W pierwszej połowie obie ekipy toczyły wyrównaną rywalizację. Gospodarze świetnie kontrowali za sprawą Bartosza Leśniaka. Jego determinacją można byłoby spokojnie obdzielić dużą część kraju. Nasz obwodowy tak odważnie i konsekwentnie wbiegał pod kosz, że na myśl przychodziło tylko słowa podziwu.

Własną dynamikę umiał również wykorzystać Joyce Towonde. To ważne w kontekście odciążenia wspomnianego przed momentem kolegi.

Słowacy natomiast zdecydowanie dobrze czuli się w rzutach za trzy, które przynosiły im sporo korzyści. Tym samym, każdy miał własne atuty. Pytanie pozostawało, która taktyka przyniesie więcej powodów do radości.

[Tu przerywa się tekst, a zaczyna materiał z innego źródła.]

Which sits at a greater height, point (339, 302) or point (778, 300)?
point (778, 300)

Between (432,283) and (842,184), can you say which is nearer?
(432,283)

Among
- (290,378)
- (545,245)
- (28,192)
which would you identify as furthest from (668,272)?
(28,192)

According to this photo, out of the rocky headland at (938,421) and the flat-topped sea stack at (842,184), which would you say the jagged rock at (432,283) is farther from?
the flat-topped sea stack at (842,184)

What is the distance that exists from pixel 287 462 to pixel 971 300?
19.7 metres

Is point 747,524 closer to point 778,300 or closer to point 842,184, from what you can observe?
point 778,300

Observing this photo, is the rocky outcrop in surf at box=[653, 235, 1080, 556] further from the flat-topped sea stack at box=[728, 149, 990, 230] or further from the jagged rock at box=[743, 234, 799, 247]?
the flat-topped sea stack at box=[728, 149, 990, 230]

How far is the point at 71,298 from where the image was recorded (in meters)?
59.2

Prawdą jest, że Inter miał niełatwe zadanie blisko kosza, gdzie czuwali Stanisław Kwieciński i Mikołaj Kleszcz, dwóch twardych graczy, niezwykle trudnych do przejścia nawet w przypadku posiadania wysokich umiejętności.

Pierwszą kwartę goście wygrali 25:22. Do końca połowy zachował się właśnie taki dystans dzielący oba zespoły. Dało się zauważyć, że podejmowany wysiłek sporo kosztuje miejscowych, lecz dokładali oni wszelkich starań, by pokazać swoją najlepszą stronę.

W trzeciej kwarcie ewidentnie przyszedł moment kryzysowy. Niewymuszone, proste błędy tylko napędzały przeciwników, którzy odskoczyli najpierw na kilkanaście, a w optymalnym dla nich momencie 23 „oczka”. Pojawiało się pytanie czy wystarczy mocy oraz silnego charakteru, by raz jeszcze zaskoczyć doświadczonego konkurenta.

Sztab szkoleniowy rotował składem. Dobre zmiany dali Hubert Hryniszyn, Michał Kądziołka oraz Jan Walaszek. Ten pierwszy, postawiony przed ciężkim wyzwaniem poradził sobie bardzo przyzwoicie. Do obrony Kądziołki nie ma jakichkolwiek zastrzeżeń, z kolei Walaszek umiał zaskoczyć trafieniem za trzy mimo bliskiej asysty defensorów.

Wreszcie przyszła chwila gdy, ekipa Oknoplast raz jeszcze zerwała się do boju. W mgnieniu oka zaczęła zmniejszać straty. Leśniak, choć wielokrotnie popychany, odczuwający zmęczenie, wyczyniał cuda. Punktował, albo wymuszał przewinienia, by… punktować z linii rzutów osobistych.

W całym spotkaniu trafił 20/38 rzutów z gry i wykorzystał 17 spośród 24 rzutów wolnych. W ten sposób został rekordzistą obecnego sezonu rozgrywek Młodzieżowych Europejskich Pucharów CE EYBL ze zdobyczą 58 punktów!

Interu ostatecznie nie udało się dogonić, ale największą nagrodą i wartością jest umiejętność podjęcia walki. Z przeciwnikiem, samym sobą oraz wszelkimi okolicznościami. Oknoplast Korona Szkoła Gortata Kraków uczyniła to w maksymalnym stopniu.

A my dziękujemy wszystkim Rodzicom za wielkie wsparcie podczas organizowanego w Krakowie turnieju, p. Aldonie Patyckiej za nieocenioną pomoc każdego dnia w przygotowywaniu zawodów oraz p. Piotrowi Bielowi za udostępnienie tak dobrych warunków do sportowej rywalizacji.

Oknoplast Korona Szkoła Gortata Kraków – Inter Bratysława 84:99 (22:25, 26:26, 10:27, 26:21)

Oknoplast Korona: Leśniak 58, Towonde 17, Kleszcz 3, Walaszek 3, Kądziołka 2, Hoffmann 1, Kwieciński 0, Rzeźnik 0, Hryniszyn 0.